(Data extract):
※ ※ ※

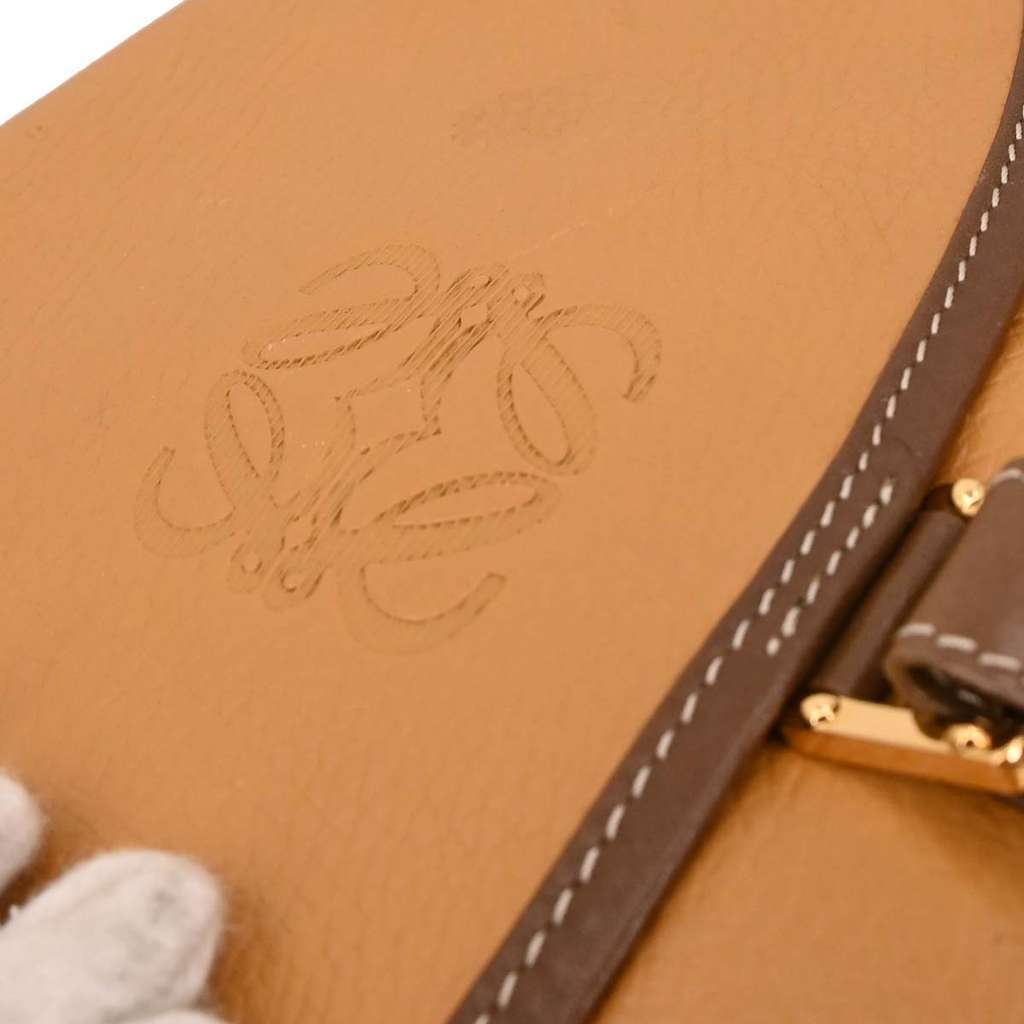 Loewe Anagram Shoulder Bag Brown Leather Good condition - Box View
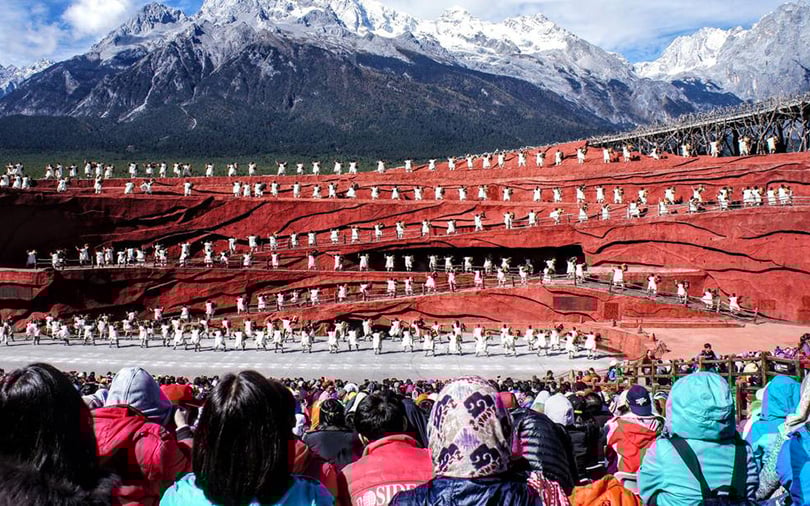 Trung Quốc: Tour khám phá con đường cổ xưa và hiểm trở nhất thế giới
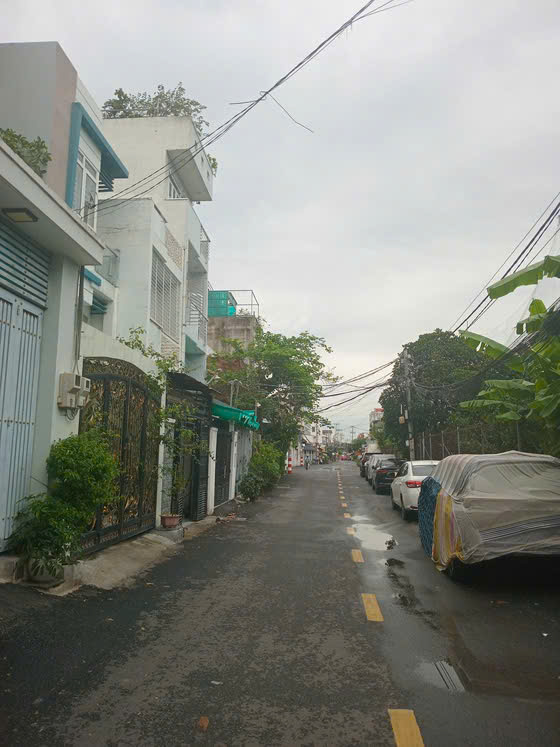 BÁN NHÀ HẺM XE HƠI 4m, 60m2, SHR, KHU DÂN CƯ HIỆN HỮU, ĐƯỜNG TÂN THỚI HIỆP 21, Q12, GIÁ CHỈ 2.3 TỶ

※ ※ ※

(Assignment): Word for word, output the whole listing, but not its pictures.

(Task result):
 Loewe Anagram Shoulder Bag Brown Leather Good condition - Box View
 Trung Quốc: Tour khám phá con đường cổ xưa và hiểm trở nhất thế giới
 BÁN NHÀ HẺM XE HƠI 4m, 60m2, SHR, KHU DÂN CƯ HIỆN HỮU, ĐƯỜNG TÂN THỚI HIỆP 21, Q12, GIÁ CHỈ 2.3 TỶ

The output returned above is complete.